Page:Brocher - Souvenirs d’une morte vivante, 1909.pdf/137

La bibliothèque libre.
Cette page a été validée par deux contributeurs.


CHAPITRE XV


Proclamez la République ! criait-on aux députés.

M. Gambetta, sur le perron du palais, criait au peuple :

« Ce n’est pas ici que nous devons proclamer la République, mais à l’Hôtel de Ville, où nous allons nous rendre à l’instant. »

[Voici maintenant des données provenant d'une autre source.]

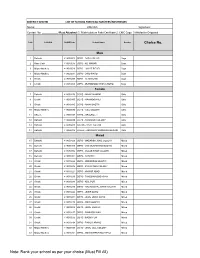 Note: Rank Your School As Per Your Choice (Must Fill All) DISTRICT GHOTKI LIST of SCHOOL for HEAD MASTERS/MISTRESSES Name: ______CNIC NO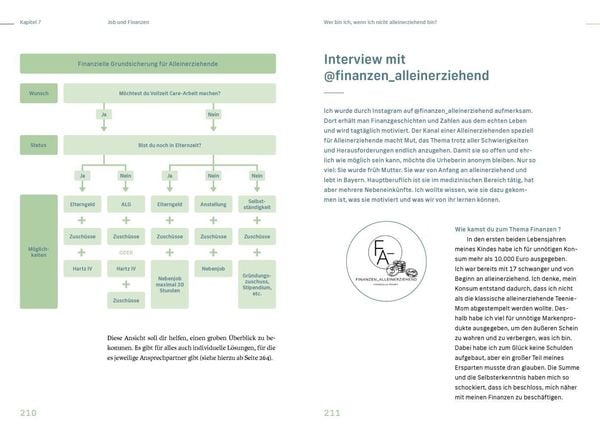 Produktbild: Wer bin ich, wenn ich nicht alleinerziehend bin?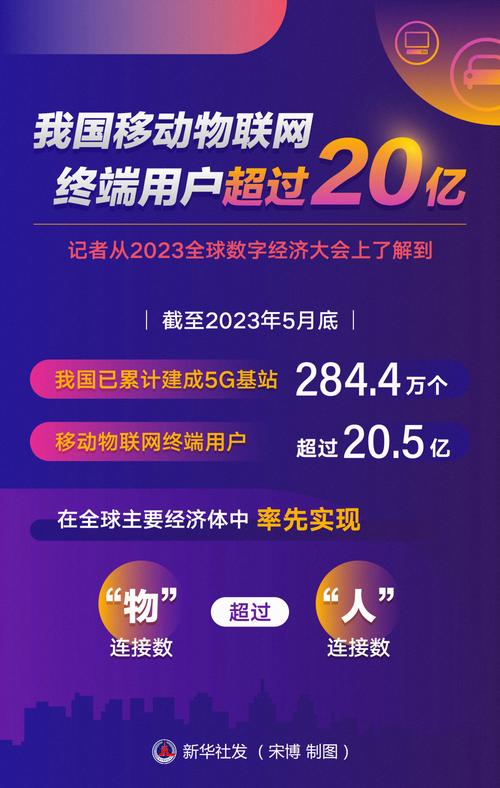 2018年我国物联网业务收入同比增长72.9%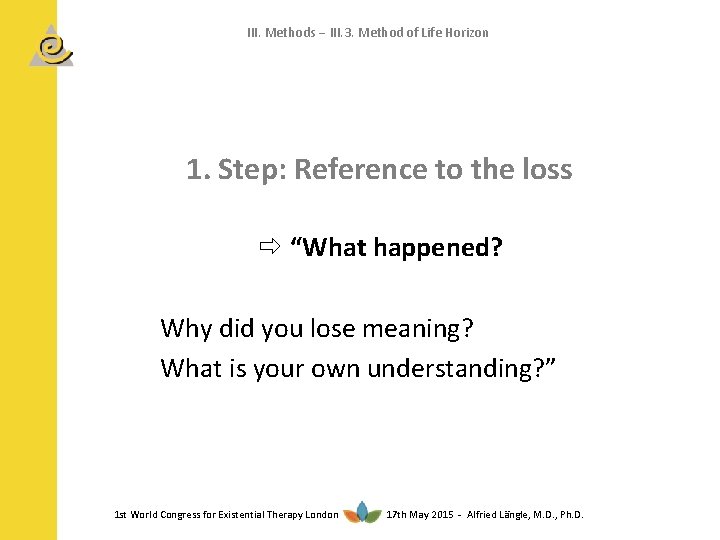III. Methods III. 3. Method of Life Horizon 1. Step: Reference to the loss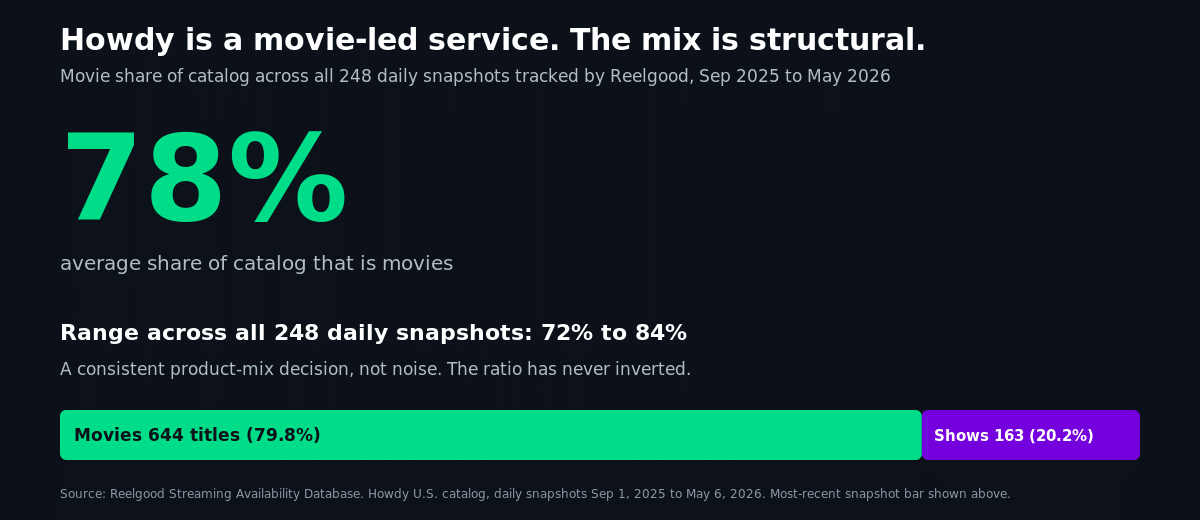 Stat block showing movies make up 78% of Howdy's catalog on average, ranging 72% to 84% across all daily snapshots, with a stacked bar showing 644 movies and 163 shows on May 6, 2026.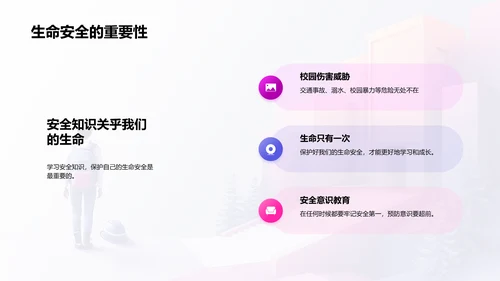 校园安全知识讲座PPT模板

Malheureusement, ces hommes aimés du peuple n’ont pas compris ce peuple ; ils s’étaient servi de lui, comme d’un marche-pied pour monter au pouvoir, sans jamais essayer de comprendre le sentiment populaire, ni la nécessité du moment ; cela fut un grand malheur. Ils auraient pu faire de si grandes choses, s’ils avaient pénétré l’aspiration du peuple. Ils ont préféré l’abandonner après tous les sacrifices qu’il s’était imposés pendant la guerre. Le peuple, mais il n’a rien à perdre, lui ! disaient-ils. Quelle ironie !

Le peuple perd le meilleur de lui-même, il perd ses fils, sa fortune à lui ; qu’a-t-il à gagner à la guerre ? absolument rien. La France perd ses meilleurs soutiens, car ce sont les fils du peuple qui font sa richesse, puisqu’ils sont les producteurs.

Ce n’était pas sans une certaine appréhension que Gambetta fit la proposition d’aller à l’Hôtel de Ville.